START Source material

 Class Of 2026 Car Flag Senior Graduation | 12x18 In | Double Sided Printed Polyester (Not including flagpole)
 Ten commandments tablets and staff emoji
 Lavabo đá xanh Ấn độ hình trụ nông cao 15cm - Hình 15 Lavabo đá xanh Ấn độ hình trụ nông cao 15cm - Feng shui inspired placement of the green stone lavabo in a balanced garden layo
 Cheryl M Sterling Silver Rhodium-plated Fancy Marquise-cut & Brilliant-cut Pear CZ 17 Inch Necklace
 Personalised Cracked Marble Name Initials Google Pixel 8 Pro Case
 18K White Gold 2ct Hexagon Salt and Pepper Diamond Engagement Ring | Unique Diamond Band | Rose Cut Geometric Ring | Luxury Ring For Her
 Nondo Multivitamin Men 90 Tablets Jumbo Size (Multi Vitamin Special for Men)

END Source material
START Source material

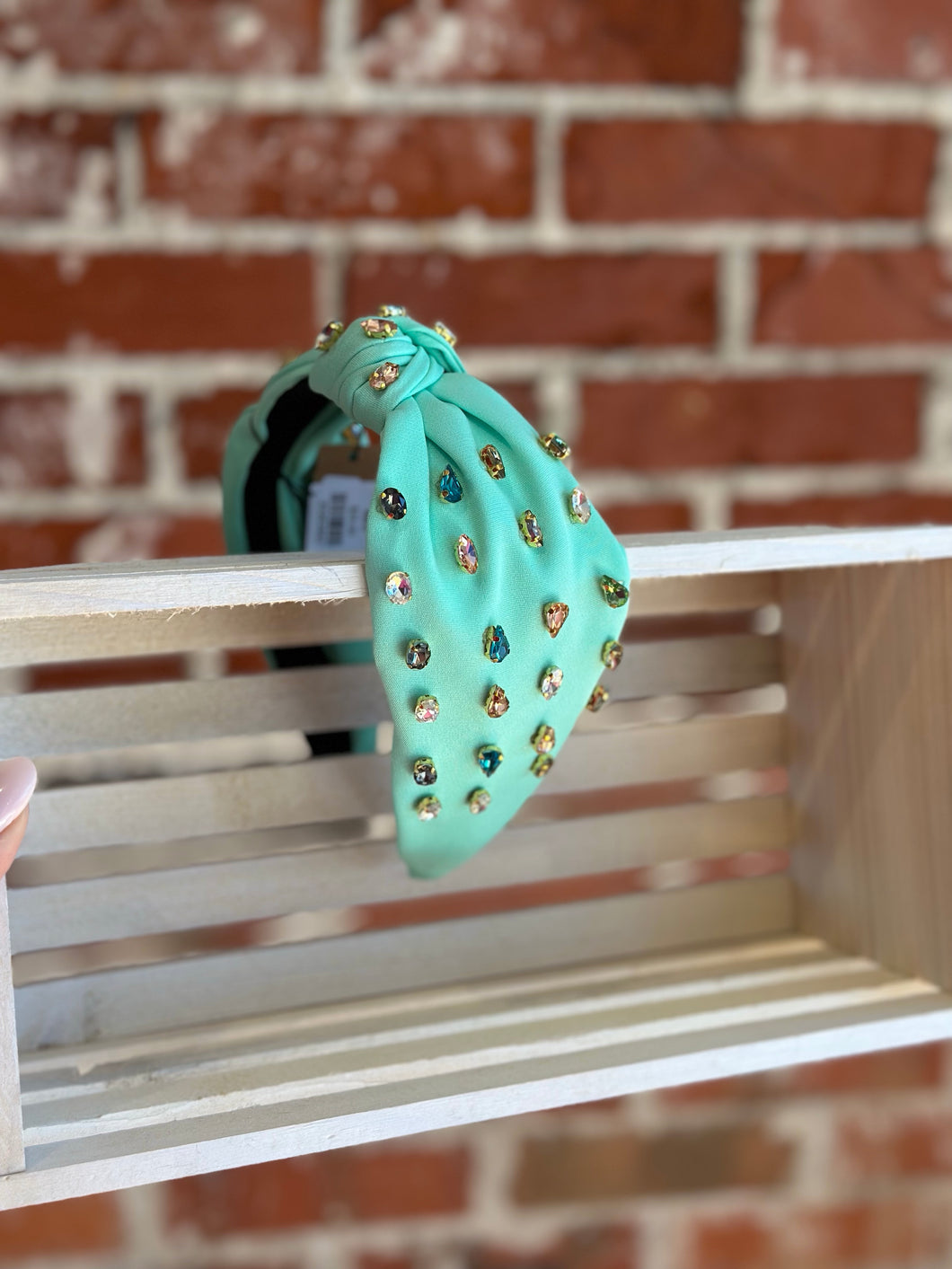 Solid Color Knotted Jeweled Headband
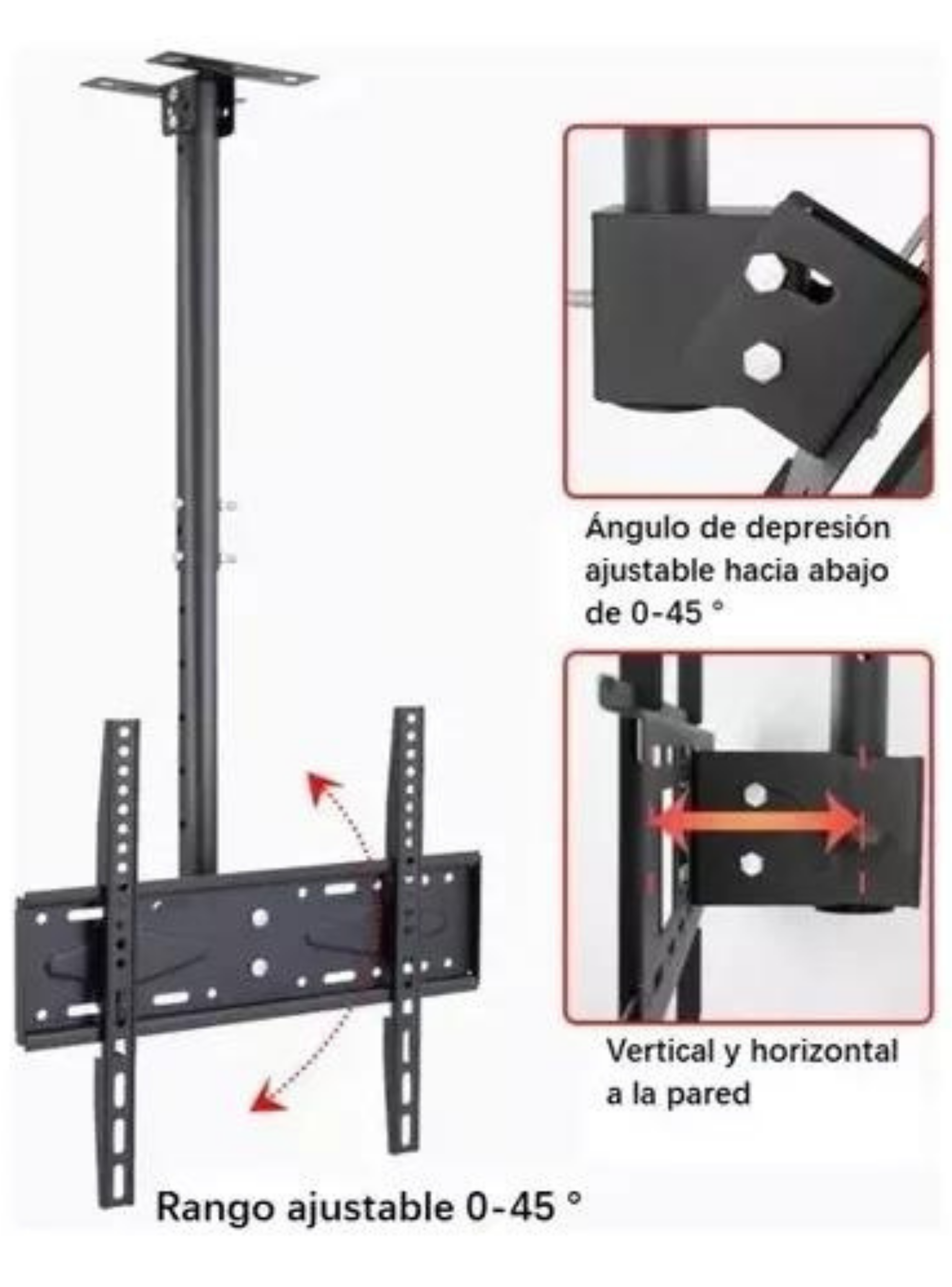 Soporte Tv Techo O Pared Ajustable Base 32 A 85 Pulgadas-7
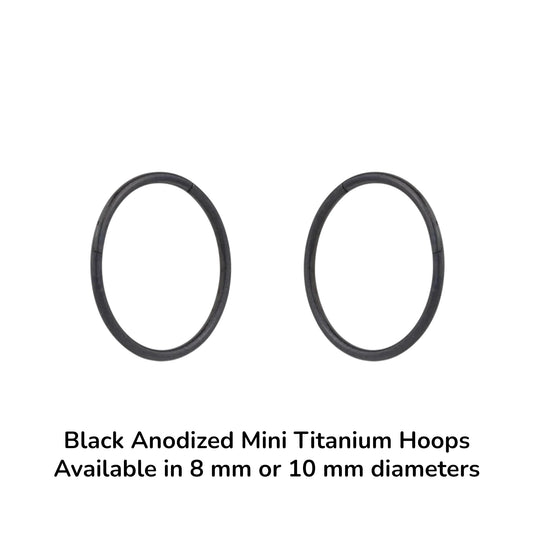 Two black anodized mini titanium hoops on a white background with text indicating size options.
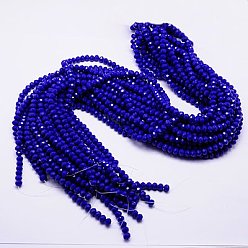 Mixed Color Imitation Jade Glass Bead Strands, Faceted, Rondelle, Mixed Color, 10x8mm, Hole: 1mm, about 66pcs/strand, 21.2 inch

END Source material
START Source material

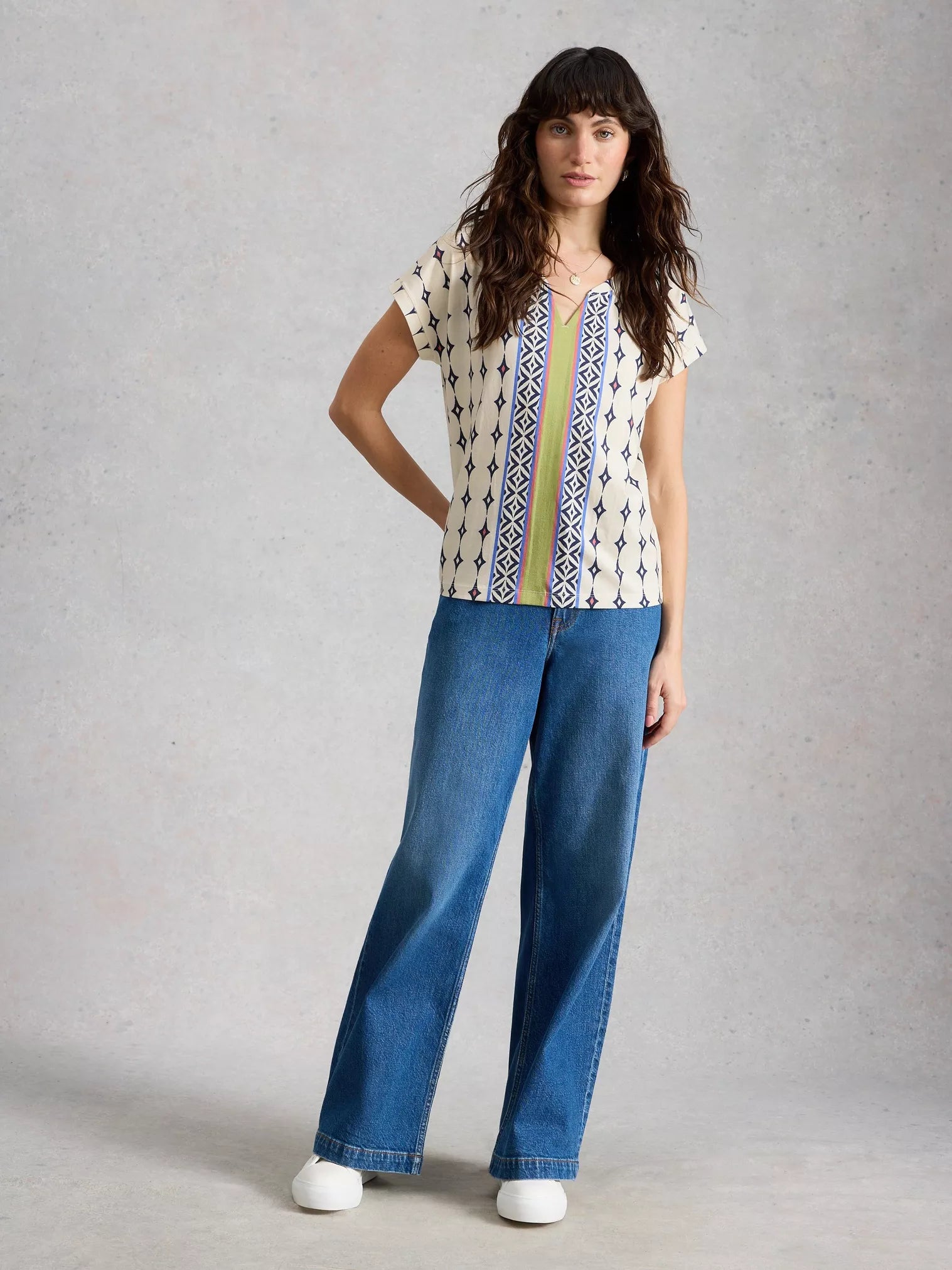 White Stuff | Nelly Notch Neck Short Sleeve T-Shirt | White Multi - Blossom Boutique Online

END Source material

Goal of the exercise: Look back at the entries above and repeat, unchanged, every line from the line holding "Class Of 2026" through the line holding "18K White Gold".

Output of the exercise:
 Class Of 2026 Car Flag Senior Graduation | 12x18 In | Double Sided Printed Polyester (Not including flagpole)
 Ten commandments tablets and staff emoji
 Lavabo đá xanh Ấn độ hình trụ nông cao 15cm - Hình 15 Lavabo đá xanh Ấn độ hình trụ nông cao 15cm - Feng shui inspired placement of the green stone lavabo in a balanced garden layo
 Cheryl M Sterling Silver Rhodium-plated Fancy Marquise-cut & Brilliant-cut Pear CZ 17 Inch Necklace
 Personalised Cracked Marble Name Initials Google Pixel 8 Pro Case
 18K White Gold 2ct Hexagon Salt and Pepper Diamond Engagement Ring | Unique Diamond Band | Rose Cut Geometric Ring | Luxury Ring For Her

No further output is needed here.